I enjoyed the experience of trying to distill our family’s trip from Ohio to the Pacific Northwest into a single hour. I chose an hour of togetherness. A focus on family (both historically and within our vehicle). And some particularly memorable experiences, with quirky characters in quirky settings.
When I tried to boil down our family’s time in the Pacific Northwest itself, I chose an hour in Olympic National Park. It was a truly unparalleled setting: the snow-capped mountains of Rocky Mountain National Park, plus the rocky coast of Acadia National Park, plus the exotic rainforest of… I don’t know… the Everglades? (I haven’t been to many rainforests in my lifetime). And our hour on Olympic’s Beach 2 was extra-special because it was unexpected. Peaceful. Restful. A moment of stillness on a vacation otherwise marked by activity.
Choosing an hour for the way back east, however, has been more challenging than I expected. I certainly had plenty of time to consider the possibilities, on that long road through Nebraska, Iowa, Indiana, and the like. I thought about an hour from our adventure-filled day in Idaho — but I couldn’t pin it down to just one hour. Our time in Colorado was also lovely, and I could have probably talked about the European Cup soccer games we watched… or the breakfast at the Egg of Estes… But as lovely as those experiences were, they didn’t seem to epitomize the entirety of that week traveling back to Ohio.
Finally, I decided that my favorite, most-distilled hour of the drive back east would be an hour from U.S. Route 20 through Idaho. It’s apparently the longest highway in the United States, also known as the Big Daddy. And that seems appropriate, considering all the miles we put on our mini-van. The route is also very scenic, east of Mountain Home, Idaho. Mostly high plains, with snow-capped mountains off to the north. And it’s delightfully desolate. A lonely strip of two-mile highway, where you can see forever and cruise at 80 miles per hour.
We pulled onto U.S. Route 20 about an hour after stopping for dinner in Boise. The rest of the family were settled into their own activities: napping, reading, listening to music. So I put on my own headphones and kept us zooming eastward.
I played a podcast episode from RadioLab called Breath. And the story nearly took my own breath away. It was reported with rigorous attention to scientific detail — but it also felt strangely spiritual. It talked about babies instantaneously switching the way they receive Oxygen, upon birth. There was a section when it talked about voluntary breathing mechanisms versus involuntary breathing mechanisms. The producers connected breathing to civil rights and the use of tear gas to control crowds. They talked about the way that the sale of breath mints and mint gum took a big hit over the course of the pandemic. The musicians’ mystique of circular breathing… free-style rap… the relationship between twin sisters… I can’t exactly capture what was so good about the podcast.

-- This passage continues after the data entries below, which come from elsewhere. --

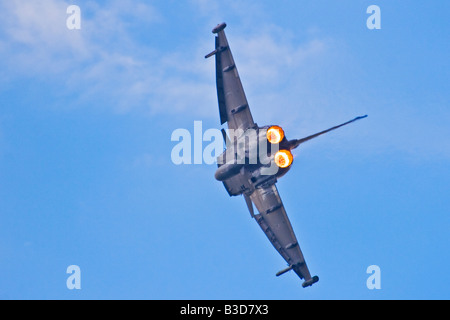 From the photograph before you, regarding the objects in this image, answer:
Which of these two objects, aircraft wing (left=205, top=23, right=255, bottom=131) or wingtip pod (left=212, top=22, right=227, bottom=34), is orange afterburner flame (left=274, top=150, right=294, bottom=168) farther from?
wingtip pod (left=212, top=22, right=227, bottom=34)

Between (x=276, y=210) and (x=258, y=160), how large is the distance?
598cm

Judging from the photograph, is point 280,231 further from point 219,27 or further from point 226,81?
point 219,27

It was just storytelling at its best. I was thoroughly engaged.
And as we hurtled eastward, as I listened to my podcast, the sun started setting in the western sky.
The countryside opened up into wide valleys grazed by cattle. Pronghorn antelope watched us speed past. One-hundred-year-old grain elevators rose from the plains, their corrugated metal siding the color of the pronghorns’ backs. Sometimes, we had to speed up — near 100 miles per hour — to pass a slower vehicle. But the speed didn’t feel even a little bit scary because we could see forever. At another point, we had to stop for some cattle to cross the road. We traveled like this for more than an hour. But I’d say that first hour on that highway was the best.
Our family loves traveling together. We genuinely do. But I think a big part of the way that works is that we’re often alone, together. If that makes any sense. Marci might be napping. Olivia watching a YouTube video on her phone. Cor playing NBA Jam on the iPad. Elliot reading in the back bench seat. And me driving with headphones. We’re all in our own little worlds, but we’re also all together. It’s just as valuable a part of the vacation experience as all the meaningful conversations and unique experiences.
So that’s why I’m going to call that my favorite hour on the way back east. It wasn’t sexy or sensational. But it was spectacular. And I hope to remember it for a long time to come.